▸ **REQUIRED ACTION**
The lines to extract begin at the one containing "HARGA RAHMAH: Orang" and run to the end of the listing; set them down exactly and alone.

▸ **EXERCISE MATERIALS**
*** Block opens ***
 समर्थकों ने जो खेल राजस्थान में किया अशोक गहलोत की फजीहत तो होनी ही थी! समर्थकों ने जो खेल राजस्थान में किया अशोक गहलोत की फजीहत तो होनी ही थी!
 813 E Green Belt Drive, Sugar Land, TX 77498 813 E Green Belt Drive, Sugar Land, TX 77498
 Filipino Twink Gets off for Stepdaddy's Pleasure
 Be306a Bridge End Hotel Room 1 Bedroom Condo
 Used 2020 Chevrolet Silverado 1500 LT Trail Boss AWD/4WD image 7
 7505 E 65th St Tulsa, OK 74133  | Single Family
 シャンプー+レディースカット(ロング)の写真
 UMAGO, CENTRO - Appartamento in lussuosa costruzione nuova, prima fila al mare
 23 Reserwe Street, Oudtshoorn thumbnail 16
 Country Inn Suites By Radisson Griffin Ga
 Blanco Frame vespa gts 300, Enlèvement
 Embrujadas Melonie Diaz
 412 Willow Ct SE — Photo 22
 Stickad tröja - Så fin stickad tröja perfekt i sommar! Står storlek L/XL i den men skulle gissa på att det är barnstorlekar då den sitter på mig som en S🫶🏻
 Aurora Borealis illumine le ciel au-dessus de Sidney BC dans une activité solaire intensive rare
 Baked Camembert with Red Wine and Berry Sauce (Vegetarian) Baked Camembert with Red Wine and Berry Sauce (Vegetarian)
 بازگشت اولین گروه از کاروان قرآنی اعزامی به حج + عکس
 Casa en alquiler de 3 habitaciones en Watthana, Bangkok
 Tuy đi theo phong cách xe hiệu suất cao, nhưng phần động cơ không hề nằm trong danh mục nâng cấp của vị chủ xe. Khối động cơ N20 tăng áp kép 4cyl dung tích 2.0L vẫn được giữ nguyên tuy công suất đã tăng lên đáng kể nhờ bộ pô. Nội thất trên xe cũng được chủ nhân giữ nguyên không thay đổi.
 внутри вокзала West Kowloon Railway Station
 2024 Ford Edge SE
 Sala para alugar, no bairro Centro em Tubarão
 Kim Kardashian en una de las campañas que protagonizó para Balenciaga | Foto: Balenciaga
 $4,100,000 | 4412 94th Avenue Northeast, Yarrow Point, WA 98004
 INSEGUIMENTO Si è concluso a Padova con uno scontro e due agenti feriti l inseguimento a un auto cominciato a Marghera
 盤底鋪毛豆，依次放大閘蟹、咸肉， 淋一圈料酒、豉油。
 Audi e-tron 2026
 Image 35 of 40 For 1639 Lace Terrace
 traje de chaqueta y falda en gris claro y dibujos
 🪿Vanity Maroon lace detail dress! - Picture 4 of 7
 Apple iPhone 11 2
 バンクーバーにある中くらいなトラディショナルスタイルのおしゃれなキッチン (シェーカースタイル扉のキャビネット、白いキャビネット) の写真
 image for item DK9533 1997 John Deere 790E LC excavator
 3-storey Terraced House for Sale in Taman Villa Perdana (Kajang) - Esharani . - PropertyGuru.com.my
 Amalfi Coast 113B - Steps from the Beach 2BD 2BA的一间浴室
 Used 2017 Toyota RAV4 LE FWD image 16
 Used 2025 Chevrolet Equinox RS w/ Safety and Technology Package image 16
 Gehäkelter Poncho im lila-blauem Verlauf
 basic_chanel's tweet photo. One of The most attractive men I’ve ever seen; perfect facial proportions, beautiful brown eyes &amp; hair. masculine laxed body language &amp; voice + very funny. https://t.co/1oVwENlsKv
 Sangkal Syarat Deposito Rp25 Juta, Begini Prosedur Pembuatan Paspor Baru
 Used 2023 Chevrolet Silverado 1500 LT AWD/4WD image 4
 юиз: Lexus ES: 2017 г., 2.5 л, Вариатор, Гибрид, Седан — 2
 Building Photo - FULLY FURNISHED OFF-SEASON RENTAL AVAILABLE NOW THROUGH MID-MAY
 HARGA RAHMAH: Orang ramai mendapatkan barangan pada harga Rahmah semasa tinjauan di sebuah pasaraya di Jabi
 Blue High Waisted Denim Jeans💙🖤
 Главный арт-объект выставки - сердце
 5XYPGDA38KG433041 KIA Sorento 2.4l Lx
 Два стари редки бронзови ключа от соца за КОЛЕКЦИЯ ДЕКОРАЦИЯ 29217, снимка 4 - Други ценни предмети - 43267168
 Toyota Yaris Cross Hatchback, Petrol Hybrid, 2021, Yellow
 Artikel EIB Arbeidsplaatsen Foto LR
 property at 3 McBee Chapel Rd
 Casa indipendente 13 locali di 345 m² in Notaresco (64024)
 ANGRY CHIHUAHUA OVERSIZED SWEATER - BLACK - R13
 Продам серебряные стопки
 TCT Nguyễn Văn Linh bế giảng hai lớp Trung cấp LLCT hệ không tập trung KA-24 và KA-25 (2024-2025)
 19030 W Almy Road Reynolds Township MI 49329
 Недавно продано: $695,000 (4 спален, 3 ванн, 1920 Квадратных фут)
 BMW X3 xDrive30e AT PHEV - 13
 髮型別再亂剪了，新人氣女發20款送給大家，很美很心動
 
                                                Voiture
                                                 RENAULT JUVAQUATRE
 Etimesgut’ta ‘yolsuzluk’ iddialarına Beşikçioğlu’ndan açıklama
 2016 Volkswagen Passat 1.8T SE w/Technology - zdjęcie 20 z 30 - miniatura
*** Block closes ***
▸ **OUTPUT BELOW**
 HARGA RAHMAH: Orang ramai mendapatkan barangan pada harga Rahmah semasa tinjauan di sebuah pasaraya di Jabi
 Blue High Waisted Denim Jeans💙🖤
 Главный арт-объект выставки - сердце
 5XYPGDA38KG433041 KIA Sorento 2.4l Lx
 Два стари редки бронзови ключа от соца за КОЛЕКЦИЯ ДЕКОРАЦИЯ 29217, снимка 4 - Други ценни предмети - 43267168
 Toyota Yaris Cross Hatchback, Petrol Hybrid, 2021, Yellow
 Artikel EIB Arbeidsplaatsen Foto LR
 property at 3 McBee Chapel Rd
 Casa indipendente 13 locali di 345 m² in Notaresco (64024)
 ANGRY CHIHUAHUA OVERSIZED SWEATER - BLACK - R13
 Продам серебряные стопки
 TCT Nguyễn Văn Linh bế giảng hai lớp Trung cấp LLCT hệ không tập trung KA-24 và KA-25 (2024-2025)
 19030 W Almy Road Reynolds Township MI 49329
 Недавно продано: $695,000 (4 спален, 3 ванн, 1920 Квадратных фут)
 BMW X3 xDrive30e AT PHEV - 13
 髮型別再亂剪了，新人氣女發20款送給大家，很美很心動
 
                                                Voiture
                                                 RENAULT JUVAQUATRE
 Etimesgut’ta ‘yolsuzluk’ iddialarına Beşikçioğlu’ndan açıklama
 2016 Volkswagen Passat 1.8T SE w/Technology - zdjęcie 20 z 30 - miniatura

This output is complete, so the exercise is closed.